Ghana’s Minister of Energy and Petroleum, Emmanuel Armah-Kofi Buah, said his country would relentlessly grow its oil reserves in order to ramp up and sustain oil and gas production, reported the Ghana Business News.
He was speaking in front of the Meet the Press forum in Accra, adding that to build an industry; there was the need to have a large reserve since “one oil field does not create an industry.”
The upstream oil and gas sector was already the second largest sector after mining, contributing significantly to GDP and government revenues, he insisted.
He also said that the country’s second floating production storage and offloading (FPSO) platform, christened the J.E.A Mills, would put Ghana firmly in the league of oil producing nations.

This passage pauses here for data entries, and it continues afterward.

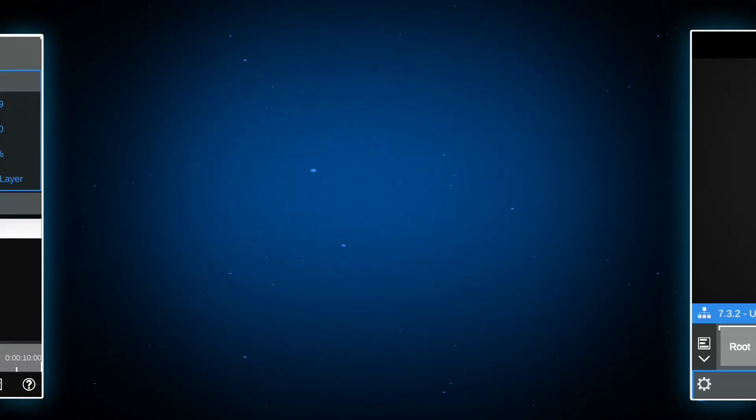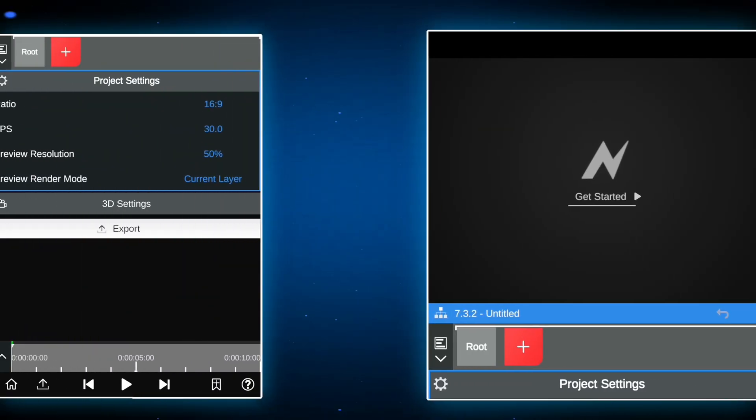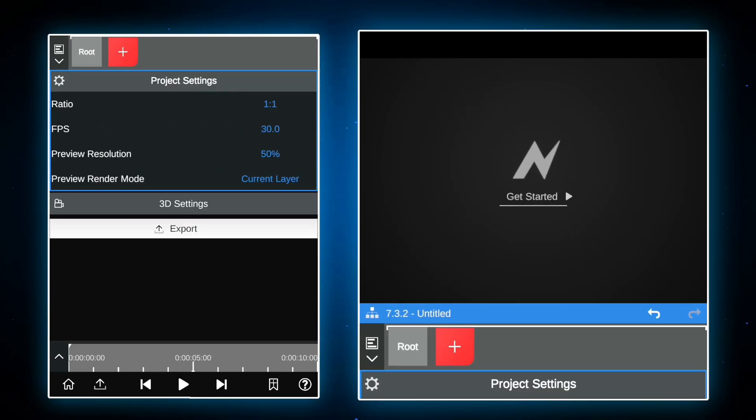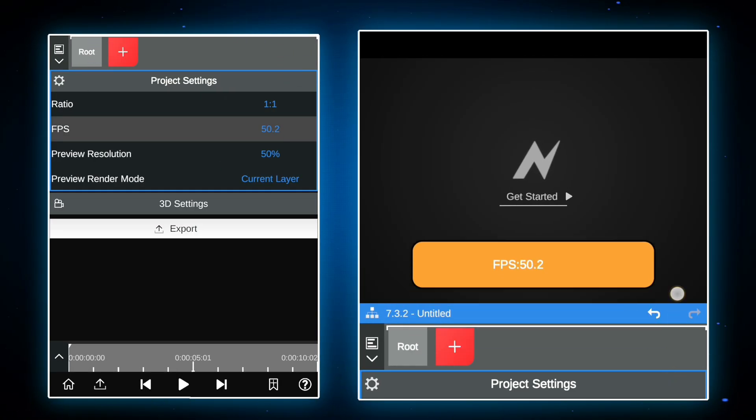Open Node Video App. If you don't have Node Video App, download it from my Telegram channel. Now follow me.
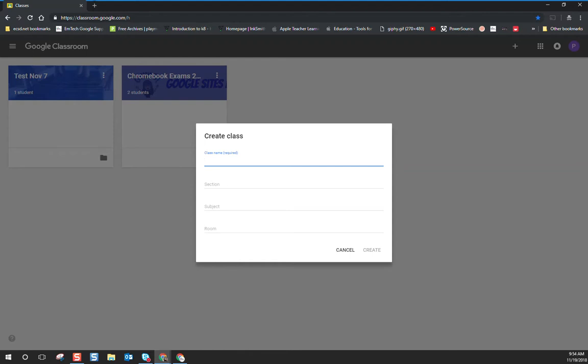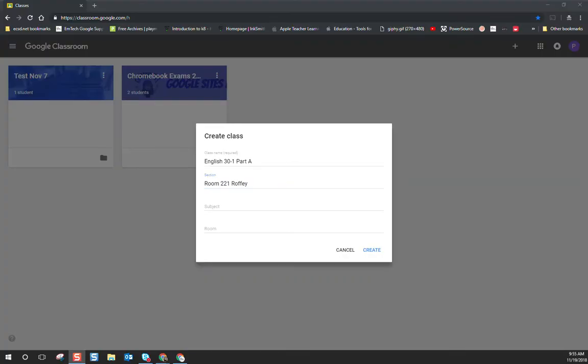You're going to name the class specifically for the exam that the students are writing. It's important to know that you have one digital exam for every physical exam space that you're going to run in your school. So if you have English 30-1 being written in two different rooms, you would have two different digital exam rooms set up as well. It's also very important to note that for our accommodation classrooms, we'll be setting those up separately in a following video. By naming the exam specifically for the exam being written and where it's being supervised, it'll be easier later to locate it if you need to.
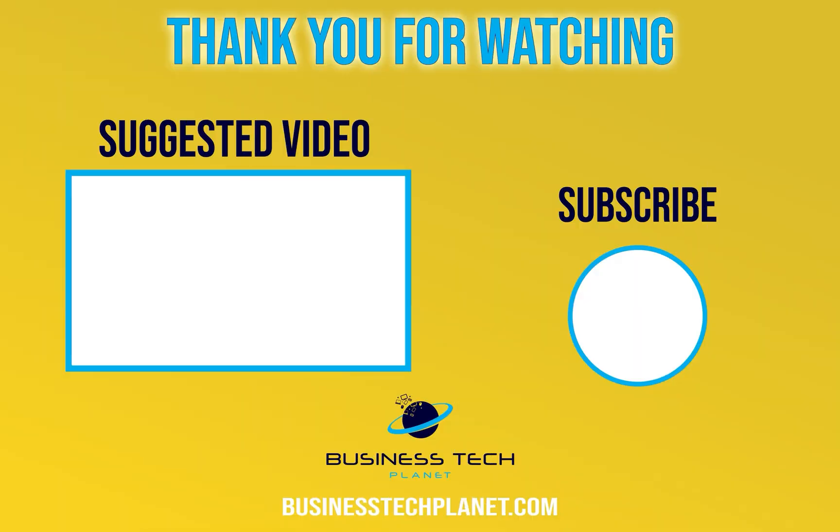That's it for today's video. We hope this resolved your issue. Subscribe for future related tutorials. And leave a comment down below if you have any questions or concerns. Thanks for watching.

The FPSO, designed in Singapore, would boost production from the Tweneboa, Enyera, Ntomme (TEN) fields, at about 70,000 b/d of oil and 50 m standard cubic feet of gas a day.
According to an announcement on the Government of Ghana website, the minister also revealed that the cabinet had given approval for the interconnection of the Ghana Gas Pipeline with the West African Gas Pipeline.
He added that under the on-going Rural Liquefied Petroleum Gas (LPG) promotion program, 33,000 cylinders and cook stoves had been distributed between 2014 and 2015.
The remaining 20,000 would be distributed by the end of the year.
Maximizing value from the exploitation of the full potential of the country’s indigenous gas resources through institutional and regulatory was imperative, he said.